Car analogies are a lousy way to talk about fighter jets. Price is a major factor in arms deals, but it is never the only one. (besides, lets not forget that in the Indian competition, the Rafale’s only win to date, it won because it was the low bidder over the Eurofighter. Does that make the Eurofighter the Ferrari and the Rafale the Peugot?)
Lets say we are in a dream world. Several planes from a patrol are fully synchronized and data linked.
Plane A sends a radar impulse, and says to plane B it did, with a very precise wave function and moment.
Plane S (stealth) deflect plane A radar wave.
Plane B receive all signals. What happens?
Sure, multi-static radar systems are possible, but they are also extremely challenging and complex. It is also important to remember that stealth aircraft do not merely reflect returns away from the transmitter, they are designed to focus them into distinct beams, preferably up toward space, such that even a receiver off axis will be challenged to track them reliably.
Such an arrangement might help the aircraft using it, but in practice results would be somewhat hit or miss (no pun intended) and you would need to position your aircraft all over the sky to make the system work. (A normal spread would not likely be sufficient given that stealth aircraft don’t reflect signals away by just a degree or two…)
The bottom line is that the aircraft running the multi-static system might be better off than they were without it, but they are still going to be working a lot harder to find the stealth aircraft than it will need to to find them. (and that is what stealth is all about afterall)
The important thing is to remember what the generational nomenclature is — an abstraction designed as an aid to the understanding that originated in a particular context — and what it is not: a feature of reality. And in this context we can observe that one of the chief effects of the current generational nomenclature is indeed to minimise the advances of the Eurocanards over the teen series and Fulcrum/Flanker, and further to suggest an equivalence between the Eurocans and reheated older aircraft (F/A-18E/F, Su-35, etc.) that does not exist. The truth is that the Eurocans are as great an advance over 4th generation a/c as 4th gen was over 3rd. And a further truth is that even if the Americans decide to make an even larger version of the F/A-18 with pylons skewed even further from true, it will still be a child of the 1970s.

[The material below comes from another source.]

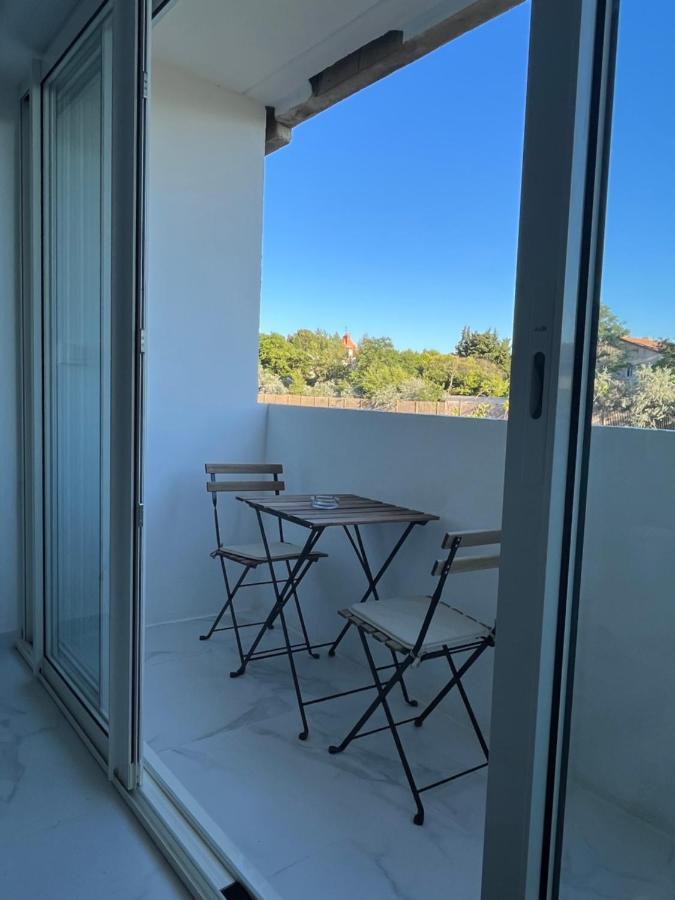 Superbe Appartement Avec Balcon Et Parking Aix-en-Provence Exterior foto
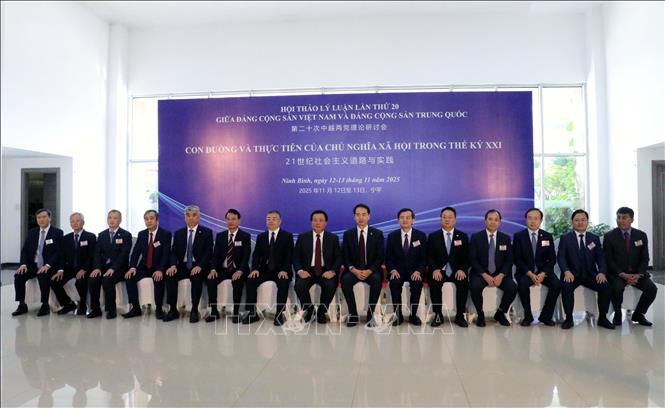 Đồng chí Nguyễn Xuân Thắng và đồng chí Lý Thư Lỗi cùng các đoàn đại biểu Việt Nam - Trung Quốc chụp ảnh tại Hội thảo. Ảnh: Đại Nghĩa - TTXVN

Again, wishful thinking entirely unsupported by the facts. The fact is that the US 4th generation fighters have beaten their European equivalents the large majority of the time they have competed head to head. If the Eurocanards had anywhere near the advantage you seem to wish they did it would be reflected in the sales records.
Lets not forget how this whole discussion started, with you making the following erroneous statement:
Comparing F-16 Block 50/52+ or F-18E/F to Rafale/Typhoon is like comparing an upgraded F-4 Phantom with F-15E. Of course they lost — they’re fundamentally older and inferior platforms. Take politics and value-for-money out of the game (as MMRCA Phase I did) and the older jets — incl. MiG-35 — don’t stand a chance.
You were wrong, as I have conclusively demonstrated above. If anything a stronger argument exists that it is the Eurocanards that can not compete absent political factors or bribes.
Incidentally, I’m curious as to which generation Gripen E/F is supposed to belong to, according to those who think Hornet and Super Hornet belong to different generations: Gripen E/F bears exactly the same relation to earlier Gripens as Super Hornet does to earlier Hornets. Indeed, given that Gripen E/F is receiving updated avionics from the outset, it would seem to be a somewhat greater advance over Gripen C/D than F/A-18E/F Block I was over F/A-18C/D.
Who said the Hornet and Super Hornet belong to different generations? They are different jets, but they are both 4th generation aircraft.
The Gripen NG, if indeed it ever proceeds to production, will simply be among the last of the 4th generation designs. It will slot in amongst the Rafale, Eurofighter, F-16 Block 60/70, F-15SA, Super Hornet, Su-35 and Super Hornet.